◆ WORK TO BE COMPLETED ◆
Copy nothing but the lines from the line with "Качественные классические туфельки clarks" to the end of the records, retyped exactly. Pictures stay out.

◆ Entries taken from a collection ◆
---*---

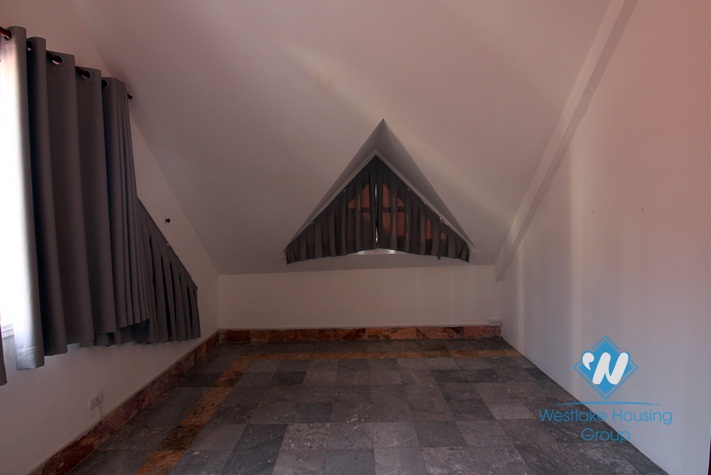 A nice house with big yard for rent in Tay ho, Ha noi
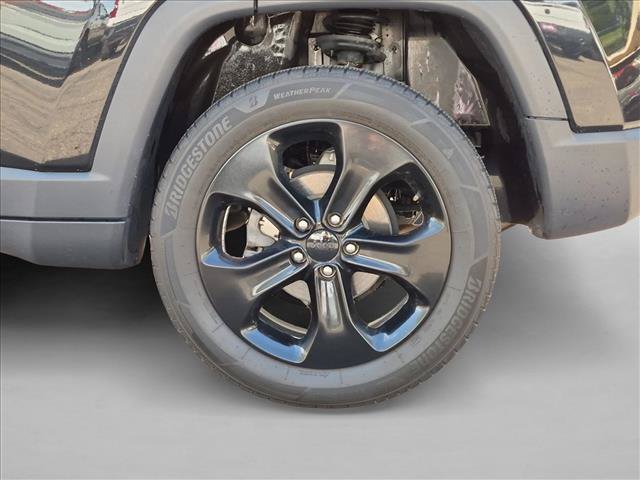 Used 2020 Jeep Compass Latitude AWD/4WD image 9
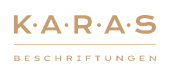 Logo mit dem Text „K.A.R.A.S“ in großen Buchstaben und darunter in kleineren Buchstaben „BESCHRIFTUNGEN“. Die Schriftart ist hellbraun und hebt die Links und das Partner-Branding perfekt hervor.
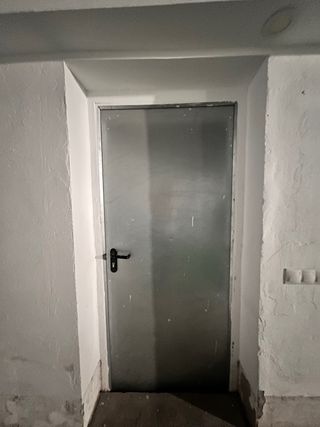 Puerta metálica trastero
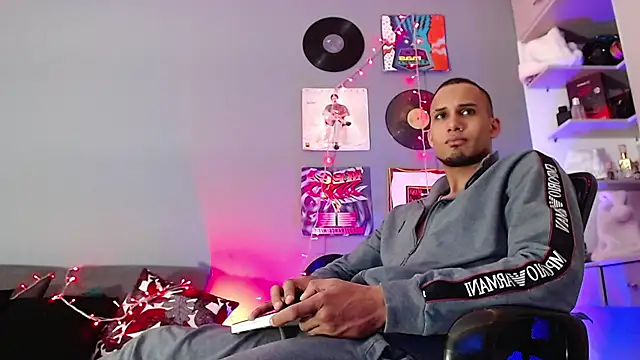 MagnusFrost online show from 31, 12, 2024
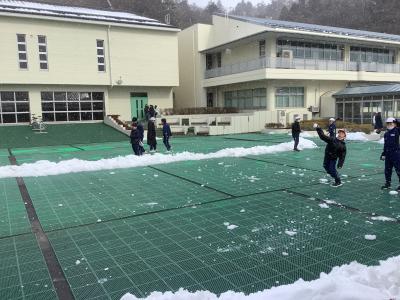 雪合戦をする児童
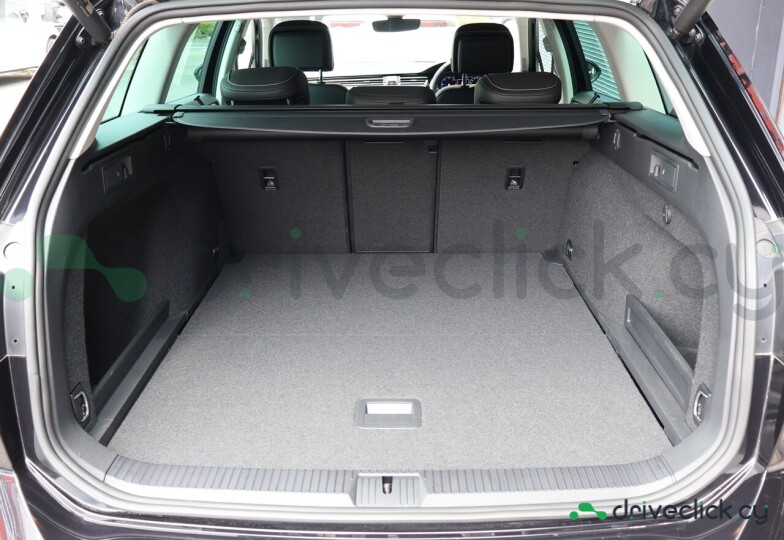 Volkswagen Passat Черный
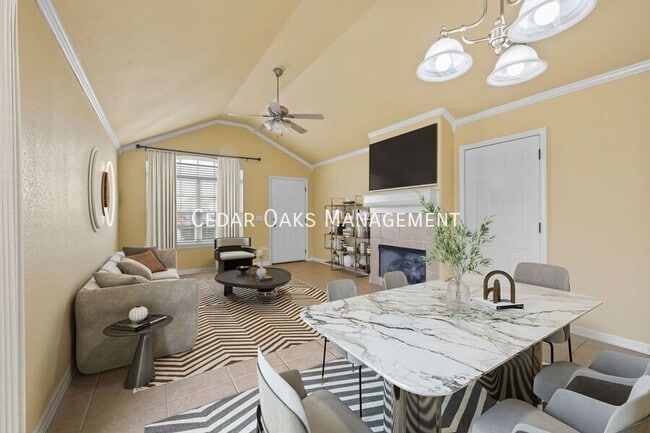 Building Photo - 1110 S C Ct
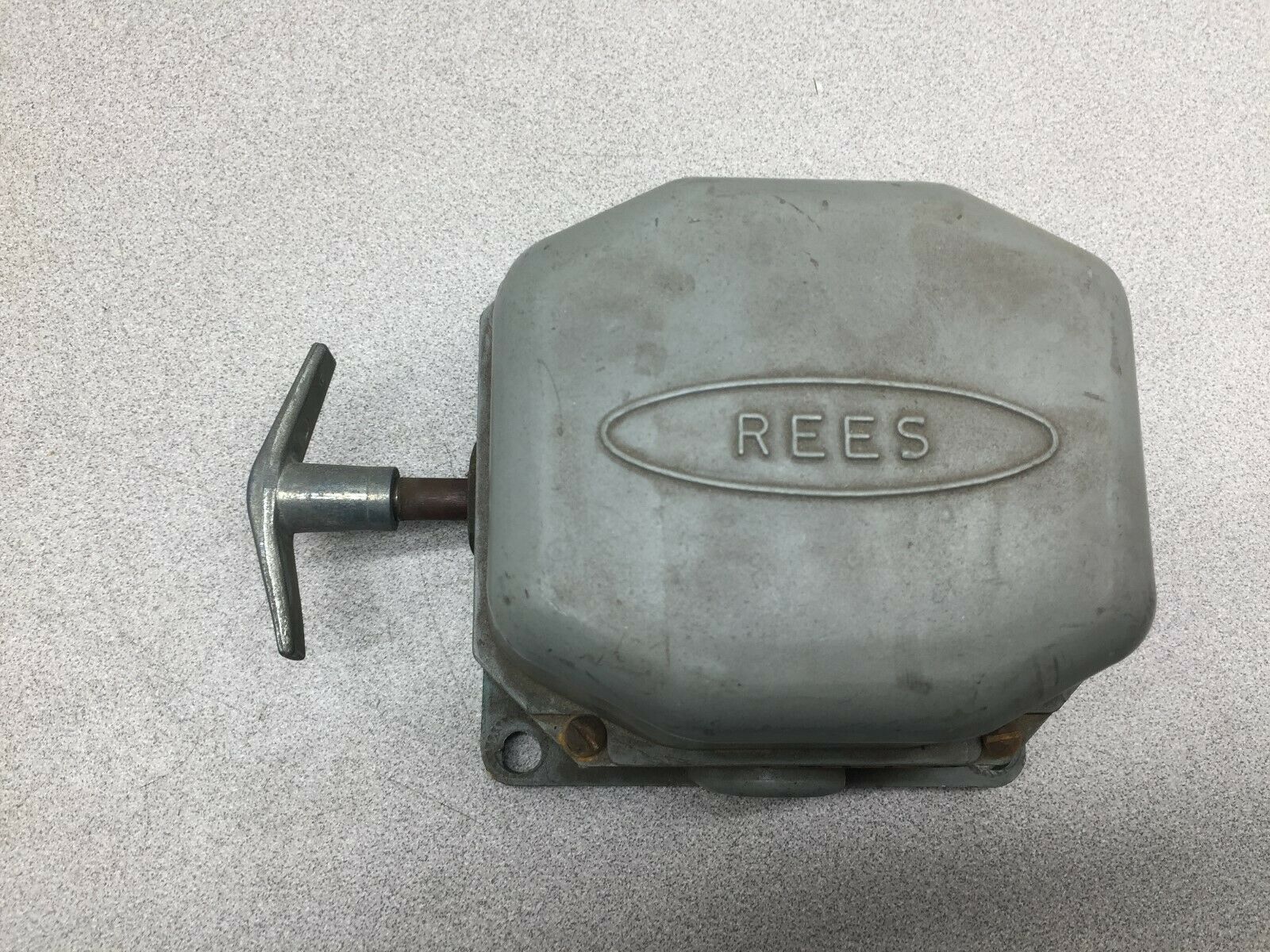USED REES CABLE OPERATED SWITCH 15# TRIP FORCE RIGHT OR LEFT HAND  04944-000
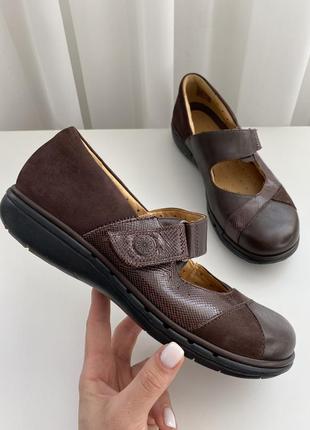 Качественные классические туфельки clarks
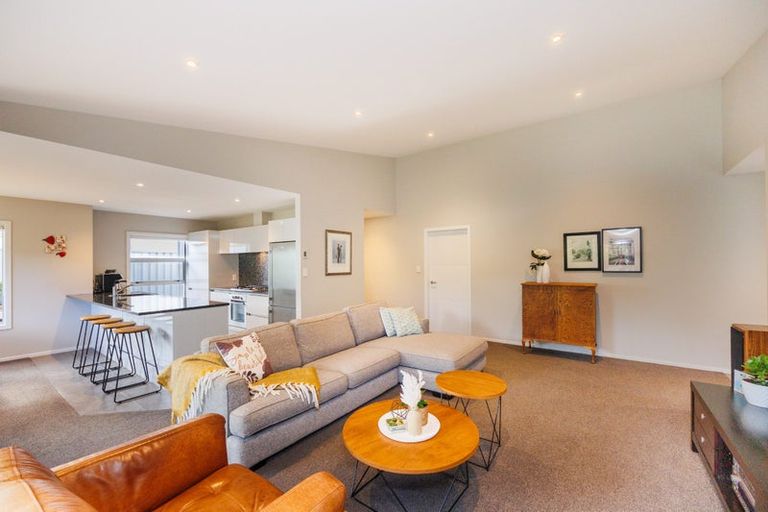 Photo of property in 5 Ake Ake Avenue, Hokowhitu, Palmerston North, 4410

---*---

◆ WRITTEN ANSWER ◆
 Качественные классические туфельки clarks
 Photo of property in 5 Ake Ake Avenue, Hokowhitu, Palmerston North, 4410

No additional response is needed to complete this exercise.